A legal scholar is raising concerns about the civil-rights implications of the Justice Department’s China Initiative, which is aimed at countering economic espionage, theft of intellectual property, and other national-security issues.
Turkey’s president is trying to shut down a university that was founded by a political opponent.
Iran has sentenced a French academic to six years in prison on security charges.
A Chinese mother who pleaded guilty to making six-figure bribes to get her son into UCLA will pay a $250,000 fine, in addition to time served.
A Hong Kong university student caught with petrol bombs during last year’s pro-democracy protests will be jailed for a year.
The future of the British Council, which promotes UK education and international exchange globally, is in jeopardy because of a severe drop in income in the wake of the coronavirus.
One reason why so many international students may have remained in the U.S.? The only flights home are phantoms.
Indian students stuck in Britain are being evicted because they can’t pay their rent.
The coronavirus could change Japan’s academic calendar.
And finally …
Somehow, my stomach and I got lucky.
When I first started covering the international beat I met a guy named Stephen Ferst. We hit it off and just before the NAFSA conference, I got an email from him. “The Foodie List,” the subject line read. In it, Steve, who is now executive director of the Center of Global Education at the College of Staten Island and was a longtime NAFSA board member, shared a detailed round-up of the best dining spots in that year’s host city, many off the beaten path, with a few friends.
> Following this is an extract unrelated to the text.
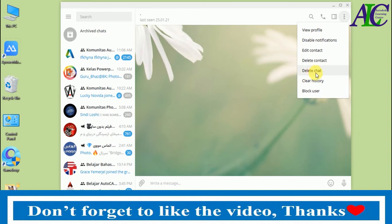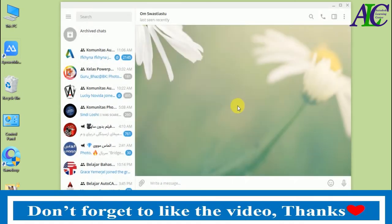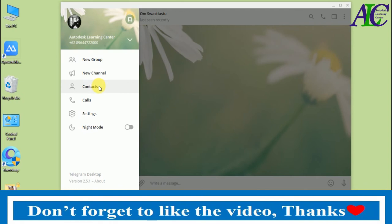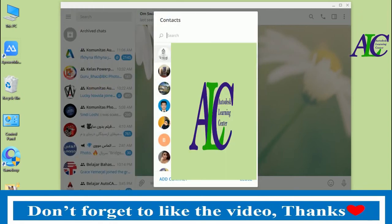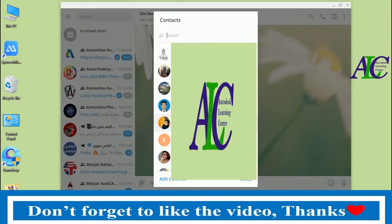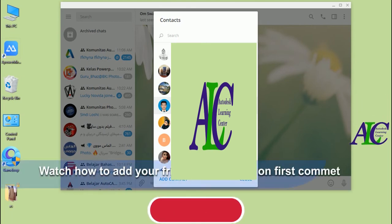Now I'm going to delete my contact. Click on 'delete contact' and then confirm by clicking delete. As you can see, my friend is no longer in my contacts. That's how to delete a contact on Telegram.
Truthfully, most of my NAFSA meals are granola bars and Diet Dr Pepper, but I always look forward to Steve’s annual list, in part to savor his food writing. (Start a blog! I nag.) Each year, we find time for a meal at one of the places he recommends. We’ve had cocktails at a speak-easy in Kansas City and eaten midnight burgers in Boston. Last year we were in my old stomping grounds in D.C., and he managed to conjure up a perfect spot where I had never been.
This year, of course, NAFSA is canceled, as is so much of our regular lives. But the other day, my email dinged. “The Stay-at-Home Foodie List” was a compendium of some of the meals Steve, who likes to cook as much he does to eat, has been making for his family during the quarantine. There were kefta kabobs and street tacos and Saigon rice, recipes picked up on his travels. The foodie list was a reminder of all that we are missing. But it made me smile, too. When our ties to the outside world are mitigated by the sterility of Zoom, reading his words felt like I was watching over his shoulder as he cooked. They were a necessary corrective, a connection that did my heart and my stomach good.